§ **YOUR OBJECTIVE**
Wherever "trainers" appears in the records below, copy the line that holds it.

[Short web captions]
Segment Open
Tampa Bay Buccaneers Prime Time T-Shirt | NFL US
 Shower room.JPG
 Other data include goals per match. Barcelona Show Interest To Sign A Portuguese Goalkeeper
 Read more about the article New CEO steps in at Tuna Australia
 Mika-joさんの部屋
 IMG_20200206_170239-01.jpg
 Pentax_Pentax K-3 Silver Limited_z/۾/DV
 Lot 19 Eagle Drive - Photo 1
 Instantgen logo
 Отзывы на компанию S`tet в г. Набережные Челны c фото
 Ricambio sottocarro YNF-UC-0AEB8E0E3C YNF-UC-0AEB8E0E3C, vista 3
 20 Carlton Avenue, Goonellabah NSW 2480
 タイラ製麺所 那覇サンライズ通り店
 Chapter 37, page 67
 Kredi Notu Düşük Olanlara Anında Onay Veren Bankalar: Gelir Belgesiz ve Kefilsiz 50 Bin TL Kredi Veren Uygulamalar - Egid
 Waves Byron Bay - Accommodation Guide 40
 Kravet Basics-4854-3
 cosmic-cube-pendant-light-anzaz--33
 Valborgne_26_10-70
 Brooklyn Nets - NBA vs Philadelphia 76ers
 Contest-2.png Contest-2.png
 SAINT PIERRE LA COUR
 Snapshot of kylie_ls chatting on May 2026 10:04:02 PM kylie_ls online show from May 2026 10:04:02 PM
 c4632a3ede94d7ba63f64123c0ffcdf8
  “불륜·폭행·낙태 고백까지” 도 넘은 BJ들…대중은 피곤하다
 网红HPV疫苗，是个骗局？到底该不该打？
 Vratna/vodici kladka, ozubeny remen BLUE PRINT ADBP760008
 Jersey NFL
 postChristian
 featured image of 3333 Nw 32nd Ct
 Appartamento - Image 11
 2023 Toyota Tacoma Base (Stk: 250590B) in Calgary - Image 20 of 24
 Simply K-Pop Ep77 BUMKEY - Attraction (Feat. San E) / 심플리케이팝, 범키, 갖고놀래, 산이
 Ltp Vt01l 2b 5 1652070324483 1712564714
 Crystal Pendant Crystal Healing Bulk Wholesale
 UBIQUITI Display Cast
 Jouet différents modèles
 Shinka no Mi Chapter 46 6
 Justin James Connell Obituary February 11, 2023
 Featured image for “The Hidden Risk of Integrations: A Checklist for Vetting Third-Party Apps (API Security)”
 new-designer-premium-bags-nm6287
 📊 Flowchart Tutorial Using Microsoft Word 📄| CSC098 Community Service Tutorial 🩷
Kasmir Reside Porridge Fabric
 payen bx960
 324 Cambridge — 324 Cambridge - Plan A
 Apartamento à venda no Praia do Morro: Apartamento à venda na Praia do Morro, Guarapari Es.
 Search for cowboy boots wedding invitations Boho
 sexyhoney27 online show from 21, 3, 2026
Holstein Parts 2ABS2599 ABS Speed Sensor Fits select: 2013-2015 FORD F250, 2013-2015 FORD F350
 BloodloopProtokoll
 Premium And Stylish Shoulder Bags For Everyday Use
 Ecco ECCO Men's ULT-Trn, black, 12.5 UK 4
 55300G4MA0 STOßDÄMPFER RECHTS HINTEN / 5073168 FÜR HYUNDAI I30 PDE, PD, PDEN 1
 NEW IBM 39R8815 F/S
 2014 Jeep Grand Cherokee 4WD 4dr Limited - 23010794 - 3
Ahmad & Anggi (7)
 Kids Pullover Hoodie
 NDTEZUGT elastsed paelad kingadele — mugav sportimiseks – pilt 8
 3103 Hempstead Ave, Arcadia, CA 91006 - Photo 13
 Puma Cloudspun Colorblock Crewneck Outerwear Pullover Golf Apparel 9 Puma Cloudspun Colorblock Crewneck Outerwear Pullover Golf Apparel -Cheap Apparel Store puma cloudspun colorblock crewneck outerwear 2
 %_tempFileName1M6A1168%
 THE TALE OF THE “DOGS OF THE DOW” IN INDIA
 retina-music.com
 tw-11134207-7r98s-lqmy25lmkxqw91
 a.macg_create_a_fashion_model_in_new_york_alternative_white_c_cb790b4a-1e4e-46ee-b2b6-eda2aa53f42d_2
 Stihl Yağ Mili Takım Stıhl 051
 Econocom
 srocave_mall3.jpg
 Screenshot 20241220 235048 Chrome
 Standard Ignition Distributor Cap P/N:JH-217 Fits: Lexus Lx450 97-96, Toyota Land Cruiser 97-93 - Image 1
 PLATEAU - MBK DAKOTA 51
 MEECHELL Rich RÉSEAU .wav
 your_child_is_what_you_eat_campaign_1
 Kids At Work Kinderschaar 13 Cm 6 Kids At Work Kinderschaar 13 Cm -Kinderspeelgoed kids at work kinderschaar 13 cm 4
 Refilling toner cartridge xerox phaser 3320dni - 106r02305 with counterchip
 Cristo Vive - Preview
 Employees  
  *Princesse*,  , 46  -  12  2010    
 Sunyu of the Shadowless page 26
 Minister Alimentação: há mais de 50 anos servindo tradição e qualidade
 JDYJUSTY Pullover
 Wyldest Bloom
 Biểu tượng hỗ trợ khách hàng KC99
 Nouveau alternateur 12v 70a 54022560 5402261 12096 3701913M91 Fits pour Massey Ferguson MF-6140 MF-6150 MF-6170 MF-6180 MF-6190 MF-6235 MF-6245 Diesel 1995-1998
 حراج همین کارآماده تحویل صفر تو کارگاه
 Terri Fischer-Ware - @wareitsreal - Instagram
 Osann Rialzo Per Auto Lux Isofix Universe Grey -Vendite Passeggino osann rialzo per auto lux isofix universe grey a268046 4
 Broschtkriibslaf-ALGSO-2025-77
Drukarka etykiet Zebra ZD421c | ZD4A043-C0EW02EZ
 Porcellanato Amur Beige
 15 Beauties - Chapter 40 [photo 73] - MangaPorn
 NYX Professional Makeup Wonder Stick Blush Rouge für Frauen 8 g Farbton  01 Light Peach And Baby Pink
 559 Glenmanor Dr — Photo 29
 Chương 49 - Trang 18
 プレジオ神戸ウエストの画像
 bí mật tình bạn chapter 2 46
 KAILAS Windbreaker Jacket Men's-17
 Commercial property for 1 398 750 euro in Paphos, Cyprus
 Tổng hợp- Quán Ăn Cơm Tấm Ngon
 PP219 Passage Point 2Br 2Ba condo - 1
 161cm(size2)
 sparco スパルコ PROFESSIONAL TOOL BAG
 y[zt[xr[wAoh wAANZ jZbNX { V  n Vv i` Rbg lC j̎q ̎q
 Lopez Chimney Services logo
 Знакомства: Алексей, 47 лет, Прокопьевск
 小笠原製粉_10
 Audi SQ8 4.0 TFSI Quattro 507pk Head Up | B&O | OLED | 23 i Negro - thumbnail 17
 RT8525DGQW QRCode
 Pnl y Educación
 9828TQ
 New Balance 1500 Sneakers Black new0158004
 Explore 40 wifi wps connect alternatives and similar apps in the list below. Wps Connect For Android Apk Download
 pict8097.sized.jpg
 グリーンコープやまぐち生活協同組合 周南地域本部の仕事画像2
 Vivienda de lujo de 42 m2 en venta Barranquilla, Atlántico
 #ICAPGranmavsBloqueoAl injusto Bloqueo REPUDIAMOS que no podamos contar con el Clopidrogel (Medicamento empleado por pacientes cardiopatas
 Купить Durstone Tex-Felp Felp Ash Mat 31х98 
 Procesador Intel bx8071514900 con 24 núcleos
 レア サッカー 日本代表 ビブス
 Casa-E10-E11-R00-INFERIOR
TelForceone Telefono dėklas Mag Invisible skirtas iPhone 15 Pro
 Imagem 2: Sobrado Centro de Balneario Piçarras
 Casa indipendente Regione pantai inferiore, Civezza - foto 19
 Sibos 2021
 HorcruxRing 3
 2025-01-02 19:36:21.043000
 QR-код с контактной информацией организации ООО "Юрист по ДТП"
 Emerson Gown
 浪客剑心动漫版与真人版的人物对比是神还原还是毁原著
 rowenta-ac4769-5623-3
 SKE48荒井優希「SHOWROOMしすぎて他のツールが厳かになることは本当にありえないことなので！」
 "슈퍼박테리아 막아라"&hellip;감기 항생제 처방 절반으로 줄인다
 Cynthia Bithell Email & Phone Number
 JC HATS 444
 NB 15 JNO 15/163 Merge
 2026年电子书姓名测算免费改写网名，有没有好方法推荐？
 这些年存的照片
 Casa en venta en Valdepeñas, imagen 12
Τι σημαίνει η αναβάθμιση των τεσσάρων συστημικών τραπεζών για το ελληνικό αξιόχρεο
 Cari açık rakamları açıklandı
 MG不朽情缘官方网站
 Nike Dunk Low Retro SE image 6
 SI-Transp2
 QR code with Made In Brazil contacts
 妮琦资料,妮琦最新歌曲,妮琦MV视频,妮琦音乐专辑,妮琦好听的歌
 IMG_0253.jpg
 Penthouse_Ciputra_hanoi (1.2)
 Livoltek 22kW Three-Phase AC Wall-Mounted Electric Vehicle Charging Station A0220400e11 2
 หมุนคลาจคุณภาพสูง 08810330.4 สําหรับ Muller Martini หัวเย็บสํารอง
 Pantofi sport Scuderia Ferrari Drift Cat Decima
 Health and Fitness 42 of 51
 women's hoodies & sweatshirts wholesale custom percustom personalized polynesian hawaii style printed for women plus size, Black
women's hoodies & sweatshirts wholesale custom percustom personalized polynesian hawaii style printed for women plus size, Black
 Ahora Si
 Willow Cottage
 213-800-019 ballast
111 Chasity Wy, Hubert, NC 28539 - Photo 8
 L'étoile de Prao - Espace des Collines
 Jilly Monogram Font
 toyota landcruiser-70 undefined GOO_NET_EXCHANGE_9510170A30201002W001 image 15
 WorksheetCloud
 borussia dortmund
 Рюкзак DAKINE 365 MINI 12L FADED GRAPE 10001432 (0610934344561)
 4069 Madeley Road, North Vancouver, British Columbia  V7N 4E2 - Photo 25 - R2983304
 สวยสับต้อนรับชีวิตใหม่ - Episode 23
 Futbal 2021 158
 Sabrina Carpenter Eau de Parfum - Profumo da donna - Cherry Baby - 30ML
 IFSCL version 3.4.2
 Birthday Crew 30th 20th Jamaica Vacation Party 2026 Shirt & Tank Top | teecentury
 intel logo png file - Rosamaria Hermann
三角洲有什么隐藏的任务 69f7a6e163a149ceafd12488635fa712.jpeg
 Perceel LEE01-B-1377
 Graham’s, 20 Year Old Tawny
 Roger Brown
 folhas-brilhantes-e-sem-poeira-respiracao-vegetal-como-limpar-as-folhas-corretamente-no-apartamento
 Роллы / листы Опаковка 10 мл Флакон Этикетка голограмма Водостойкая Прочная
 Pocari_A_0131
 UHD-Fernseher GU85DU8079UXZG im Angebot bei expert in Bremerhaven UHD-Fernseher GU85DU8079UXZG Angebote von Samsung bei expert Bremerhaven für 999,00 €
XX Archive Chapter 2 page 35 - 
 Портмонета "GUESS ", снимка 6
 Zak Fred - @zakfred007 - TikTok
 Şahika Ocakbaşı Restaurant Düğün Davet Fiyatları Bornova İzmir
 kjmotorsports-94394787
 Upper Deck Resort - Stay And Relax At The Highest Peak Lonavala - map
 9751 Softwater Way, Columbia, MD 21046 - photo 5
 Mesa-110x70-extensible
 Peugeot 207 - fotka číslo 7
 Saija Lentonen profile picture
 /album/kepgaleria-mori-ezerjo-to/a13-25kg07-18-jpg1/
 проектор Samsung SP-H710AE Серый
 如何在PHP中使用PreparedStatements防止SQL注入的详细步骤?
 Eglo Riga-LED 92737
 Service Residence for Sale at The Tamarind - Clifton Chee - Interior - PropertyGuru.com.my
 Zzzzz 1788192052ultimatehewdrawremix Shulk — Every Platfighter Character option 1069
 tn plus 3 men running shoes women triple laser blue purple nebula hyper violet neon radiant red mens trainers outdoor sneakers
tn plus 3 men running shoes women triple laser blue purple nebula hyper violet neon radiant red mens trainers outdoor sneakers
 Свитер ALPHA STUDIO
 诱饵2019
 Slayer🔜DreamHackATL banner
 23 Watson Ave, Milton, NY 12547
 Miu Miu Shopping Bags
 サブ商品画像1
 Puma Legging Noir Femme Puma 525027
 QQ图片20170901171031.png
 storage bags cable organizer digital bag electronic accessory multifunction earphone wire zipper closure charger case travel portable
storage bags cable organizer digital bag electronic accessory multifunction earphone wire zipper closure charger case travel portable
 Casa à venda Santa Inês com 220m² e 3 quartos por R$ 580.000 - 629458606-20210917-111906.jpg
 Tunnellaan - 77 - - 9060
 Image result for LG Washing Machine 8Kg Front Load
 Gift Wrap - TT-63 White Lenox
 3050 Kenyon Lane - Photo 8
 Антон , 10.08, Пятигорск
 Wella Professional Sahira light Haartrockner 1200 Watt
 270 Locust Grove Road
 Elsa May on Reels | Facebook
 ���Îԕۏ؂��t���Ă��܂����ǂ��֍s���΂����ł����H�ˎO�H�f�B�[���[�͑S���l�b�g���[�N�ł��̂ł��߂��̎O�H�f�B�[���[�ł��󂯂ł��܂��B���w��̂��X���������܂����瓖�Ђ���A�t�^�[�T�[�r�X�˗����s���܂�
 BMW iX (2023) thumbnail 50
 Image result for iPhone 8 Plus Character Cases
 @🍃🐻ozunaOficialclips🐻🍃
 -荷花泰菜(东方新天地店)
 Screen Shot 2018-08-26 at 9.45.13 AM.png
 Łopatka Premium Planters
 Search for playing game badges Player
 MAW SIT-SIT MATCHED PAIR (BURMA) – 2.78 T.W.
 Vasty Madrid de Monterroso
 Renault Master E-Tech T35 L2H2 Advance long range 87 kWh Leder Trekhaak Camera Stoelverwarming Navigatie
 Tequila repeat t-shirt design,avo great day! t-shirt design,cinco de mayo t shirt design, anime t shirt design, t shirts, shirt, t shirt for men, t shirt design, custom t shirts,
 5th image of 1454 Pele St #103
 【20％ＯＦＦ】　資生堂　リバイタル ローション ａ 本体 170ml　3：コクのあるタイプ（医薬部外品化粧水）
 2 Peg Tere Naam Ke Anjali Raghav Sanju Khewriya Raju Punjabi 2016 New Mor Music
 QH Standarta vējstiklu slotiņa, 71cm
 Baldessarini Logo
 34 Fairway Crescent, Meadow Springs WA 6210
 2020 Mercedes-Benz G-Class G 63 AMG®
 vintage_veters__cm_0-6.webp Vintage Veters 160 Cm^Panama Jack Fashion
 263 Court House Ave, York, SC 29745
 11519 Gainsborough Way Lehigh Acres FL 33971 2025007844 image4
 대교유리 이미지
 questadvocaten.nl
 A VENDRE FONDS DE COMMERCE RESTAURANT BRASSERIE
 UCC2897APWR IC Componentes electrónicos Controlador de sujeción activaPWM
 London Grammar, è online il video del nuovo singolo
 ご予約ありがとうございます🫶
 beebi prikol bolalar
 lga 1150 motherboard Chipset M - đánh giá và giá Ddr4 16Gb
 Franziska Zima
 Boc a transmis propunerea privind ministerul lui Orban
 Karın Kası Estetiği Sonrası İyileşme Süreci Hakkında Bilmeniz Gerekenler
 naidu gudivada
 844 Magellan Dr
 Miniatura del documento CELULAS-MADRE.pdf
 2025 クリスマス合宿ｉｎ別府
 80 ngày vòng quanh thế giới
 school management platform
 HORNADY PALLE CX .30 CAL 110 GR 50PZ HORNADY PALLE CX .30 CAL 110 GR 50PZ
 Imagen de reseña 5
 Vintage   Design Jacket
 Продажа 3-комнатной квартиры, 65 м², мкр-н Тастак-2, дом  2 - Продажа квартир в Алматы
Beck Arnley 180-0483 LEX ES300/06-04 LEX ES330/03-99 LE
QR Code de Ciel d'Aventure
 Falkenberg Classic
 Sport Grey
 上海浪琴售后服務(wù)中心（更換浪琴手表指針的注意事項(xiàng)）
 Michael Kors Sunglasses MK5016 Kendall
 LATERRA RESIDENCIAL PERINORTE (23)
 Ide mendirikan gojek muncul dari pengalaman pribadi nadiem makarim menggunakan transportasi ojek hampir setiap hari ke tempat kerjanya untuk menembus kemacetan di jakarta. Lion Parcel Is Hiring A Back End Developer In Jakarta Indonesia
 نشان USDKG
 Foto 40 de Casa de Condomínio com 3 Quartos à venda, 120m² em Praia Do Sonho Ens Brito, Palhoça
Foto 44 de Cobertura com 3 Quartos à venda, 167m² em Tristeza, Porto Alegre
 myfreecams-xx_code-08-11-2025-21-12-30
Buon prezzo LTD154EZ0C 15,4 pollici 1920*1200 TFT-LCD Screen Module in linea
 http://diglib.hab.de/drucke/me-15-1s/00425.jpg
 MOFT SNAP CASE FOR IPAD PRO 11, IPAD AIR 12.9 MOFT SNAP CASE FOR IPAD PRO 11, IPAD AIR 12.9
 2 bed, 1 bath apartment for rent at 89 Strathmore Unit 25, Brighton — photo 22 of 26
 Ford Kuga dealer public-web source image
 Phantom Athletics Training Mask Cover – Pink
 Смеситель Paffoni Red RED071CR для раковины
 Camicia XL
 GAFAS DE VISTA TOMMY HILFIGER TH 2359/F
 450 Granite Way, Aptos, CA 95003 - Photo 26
Segment Closed
§ **RESULT FOR THIS EXERCISE**
 tn plus 3 men running shoes women triple laser blue purple nebula hyper violet neon radiant red mens trainers outdoor sneakers
tn plus 3 men running shoes women triple laser blue purple nebula hyper violet neon radiant red mens trainers outdoor sneakers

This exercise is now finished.